Broad Agenda, Periodic Deliverables
Ten working groups span the TTC’s broad agenda: tech standards, climate and clean tech, secure supply chains, information and communication technology services security and competitiveness, data governance and tech platforms, tech misuse threatening security and human rights, export controls, investment screening, SME access to digital tools, and global trade. Although it may be difficult to develop a clear benchmark for success for these efforts—akin to jobs and growth yielded from a trade agreement—US and EU officials expect to be able to announce periodic deliverables, e.g., coordinated subsidies for semiconductors or complementary approaches to AI regulation. These gradual developments might not capture public headlines, but will be of crucial interest to affected firms and organizations.

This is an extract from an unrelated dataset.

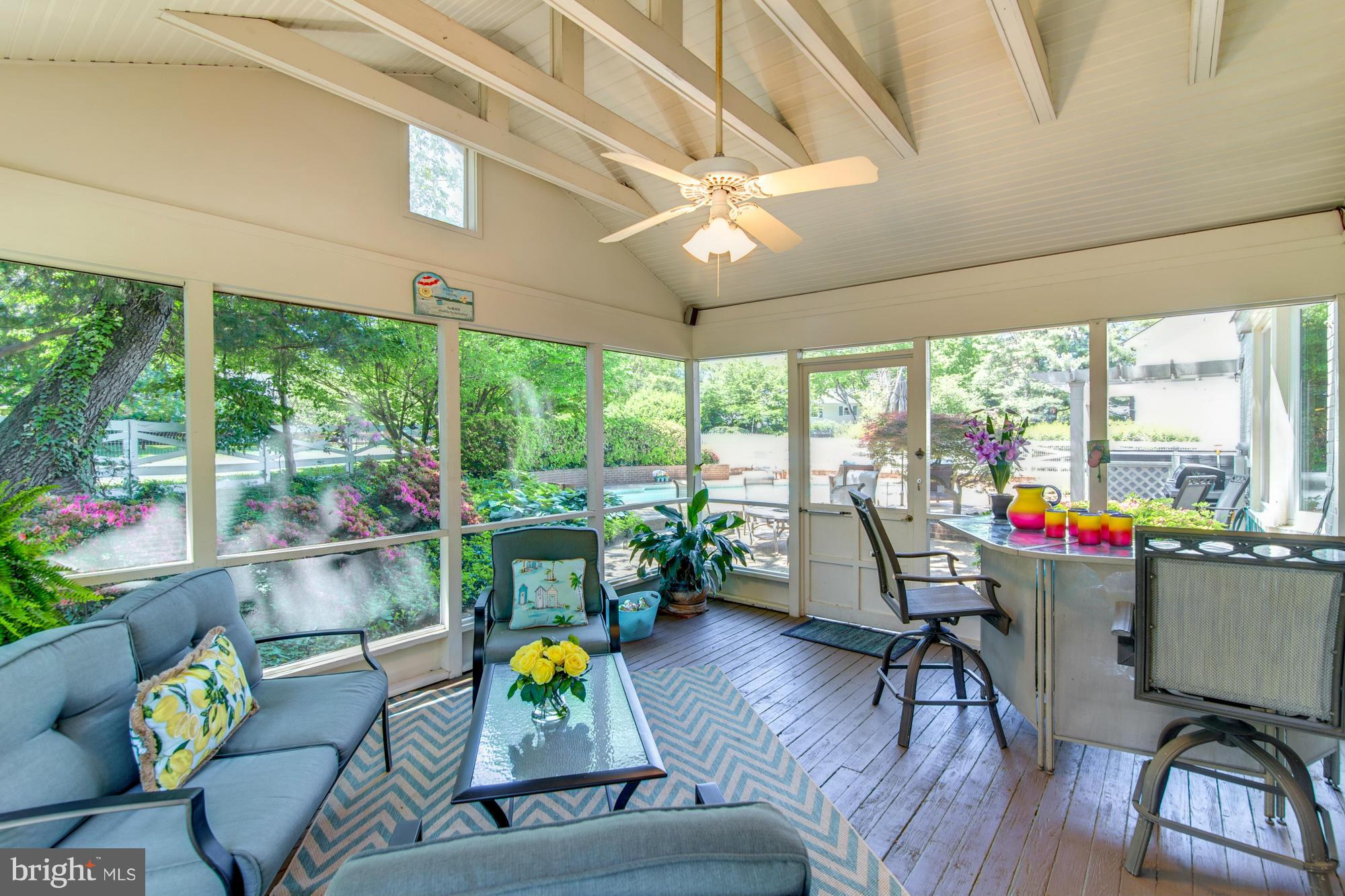 GREENWAY HEIGHTS - Residential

For instance, the global shortage of semiconductors and their fragile supply chains was high on the TTC’s agenda. Both the EU and US have been adversely affected by semiconductor shortages, especially given that both rely primarily on Taiwan, which holds a near monopoly on production. The two sides have already begun to take legislative steps towards rebalancing their dependence with the European Chips Act and CHIPS for America Act. The Pittsburgh meeting, however, provided the opportunity for both to express their commitment toward coordinating measures to further enhance transparency in this area.

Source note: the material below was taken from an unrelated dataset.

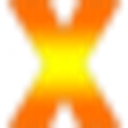 indydancex.com icon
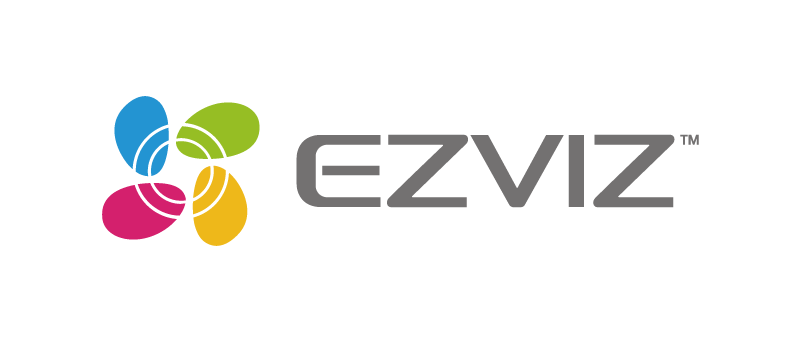 Cámaras Ezviz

Furthermore, trade distorting and non-market practices provided the transatlantic partners with several common points of interest. There was general agreement to share information on certain sectors, especially new and emerging technologies. China’s presence and increasing dominance in these areas provided additional motivation for both sides to agree to come together to maintain their competitive advantage. It was agreed that a joint effort would be more likely to mitigate China’s efforts than two uncoordinated policies.

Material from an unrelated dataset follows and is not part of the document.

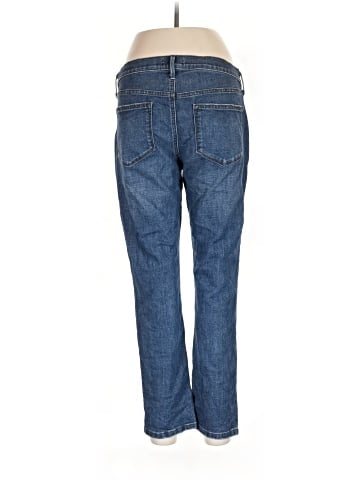 Sonoma Goods For Life Jeans - back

Moreover, the US particularly emphasized the importance of developing domestic measures to combat non-market practices. The EU’s investment screening tool was considered a step in the right direction, but there still exists a significant gap in capabilities between the two. Closer cooperation and coordination between the respective domestic policies was agreed to provide the best chances of countering distortive practices.
Cooperation on key future technologies is also set to continue to determine the TTC’s agenda, given China’s significant strides in fields such as AI. As one of the most significant issues during the meeting, the US and EU agreed to tie the joint cooperation on the development of AI to the maintenance and defense of their “shared values and fundamental freedoms.”
TTC’s Separate Track from US-EU Technology Competition Policy Dialogue
Alongside the TTC is another US-EU dialogue on technology competition policy. Whereas the former is about coordinating policies, the latter is about coordinating enforcement actions, e.g., between the Federal Trade Commission and DG Competition, or between the Justice Department and European counterparts. Although at the surface the two dialogues might appear to overlap, they are intentionally kept separate and involve different groups of individuals from the US and EU.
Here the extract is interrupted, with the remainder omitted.